Airkit is a low-code platform, which makes it sound unconducive to solving the deep programming problems provided by SICP – or at least, solving them in any meaningful way. But while it is true that Airkit is not intended to showcase the under-the-hood processes of computers (in the same way it is not intended to recreate games like Wordle), low-code is not no-code, and, as it turns out, you can solve some SICP problems using Airkit’s internal programming language, Airscript.
Scheme vs. Airscript
Airscript was created to supplement Airkit’s low-code platform, primarily for the purpose of data manipulation. It is a much newer language than Scheme: Scheme has been around for decades, while Airscript (and the low-code platform in which it resides) is not even a decade old. Consequently, Airscript was built on a foundation of faster computers capable of interpreting instructions given at higher levels of abstraction.
At the time of its creation, the structure and syntax of Scheme was considered intuitive. To this day, it is still comparatively simple, which makes it a good language to use when introducing programming in a way that focuses on underlying patterns rather than the details of language syntax. Simple is good for computers.
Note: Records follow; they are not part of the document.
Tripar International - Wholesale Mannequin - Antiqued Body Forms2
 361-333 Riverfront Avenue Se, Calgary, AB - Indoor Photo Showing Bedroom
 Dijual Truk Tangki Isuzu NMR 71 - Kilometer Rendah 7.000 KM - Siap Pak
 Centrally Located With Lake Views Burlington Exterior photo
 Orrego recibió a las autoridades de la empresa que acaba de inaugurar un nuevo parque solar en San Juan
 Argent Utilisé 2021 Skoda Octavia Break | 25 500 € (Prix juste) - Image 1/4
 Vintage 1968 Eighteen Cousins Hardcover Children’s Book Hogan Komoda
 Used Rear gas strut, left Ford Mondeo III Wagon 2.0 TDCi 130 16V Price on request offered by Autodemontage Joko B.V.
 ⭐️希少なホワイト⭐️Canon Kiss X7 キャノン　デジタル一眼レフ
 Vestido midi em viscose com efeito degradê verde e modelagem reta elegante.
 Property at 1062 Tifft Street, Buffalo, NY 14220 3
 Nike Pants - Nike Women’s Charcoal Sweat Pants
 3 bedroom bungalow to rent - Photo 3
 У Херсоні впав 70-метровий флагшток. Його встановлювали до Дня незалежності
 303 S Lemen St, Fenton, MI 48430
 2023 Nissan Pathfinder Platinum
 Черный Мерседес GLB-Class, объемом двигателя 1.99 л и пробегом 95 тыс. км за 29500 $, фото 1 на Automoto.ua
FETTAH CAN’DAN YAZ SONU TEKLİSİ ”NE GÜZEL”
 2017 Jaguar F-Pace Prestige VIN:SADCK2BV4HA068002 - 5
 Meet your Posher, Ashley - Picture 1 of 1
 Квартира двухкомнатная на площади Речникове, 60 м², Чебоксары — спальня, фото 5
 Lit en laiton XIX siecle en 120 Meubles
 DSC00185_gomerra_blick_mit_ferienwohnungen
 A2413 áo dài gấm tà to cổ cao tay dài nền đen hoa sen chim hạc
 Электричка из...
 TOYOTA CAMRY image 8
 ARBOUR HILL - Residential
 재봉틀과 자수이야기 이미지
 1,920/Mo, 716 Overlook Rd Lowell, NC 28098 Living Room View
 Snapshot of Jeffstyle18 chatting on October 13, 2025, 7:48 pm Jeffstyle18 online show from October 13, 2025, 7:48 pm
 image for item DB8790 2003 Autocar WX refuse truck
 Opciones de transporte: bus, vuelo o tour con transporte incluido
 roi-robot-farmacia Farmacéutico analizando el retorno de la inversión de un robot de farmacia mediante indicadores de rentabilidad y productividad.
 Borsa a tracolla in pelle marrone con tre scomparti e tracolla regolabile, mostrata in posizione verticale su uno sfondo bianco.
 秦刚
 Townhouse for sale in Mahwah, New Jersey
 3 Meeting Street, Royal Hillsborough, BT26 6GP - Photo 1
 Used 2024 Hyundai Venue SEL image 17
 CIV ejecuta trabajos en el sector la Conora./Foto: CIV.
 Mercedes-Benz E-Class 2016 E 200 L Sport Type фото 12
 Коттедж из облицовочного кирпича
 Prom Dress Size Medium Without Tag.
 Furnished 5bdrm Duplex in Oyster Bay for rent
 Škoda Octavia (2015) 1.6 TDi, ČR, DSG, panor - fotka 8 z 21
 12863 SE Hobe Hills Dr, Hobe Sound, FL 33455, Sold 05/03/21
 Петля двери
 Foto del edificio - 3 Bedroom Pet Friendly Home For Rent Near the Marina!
When you remove all the layers of abstraction, computers can only perform simple tasks.
Airscript is less simple, because it was created decades after Scheme’s creation, and simple is not the same as intuitive to most humans.
Question 1.1: Comparing Basic Syntax and Defining Variables
The first question in SICP is meant to gently introduce procedures and operators. It provides several lines of Scheme and asks readers to predict what the code will return before running the code to check their predictions.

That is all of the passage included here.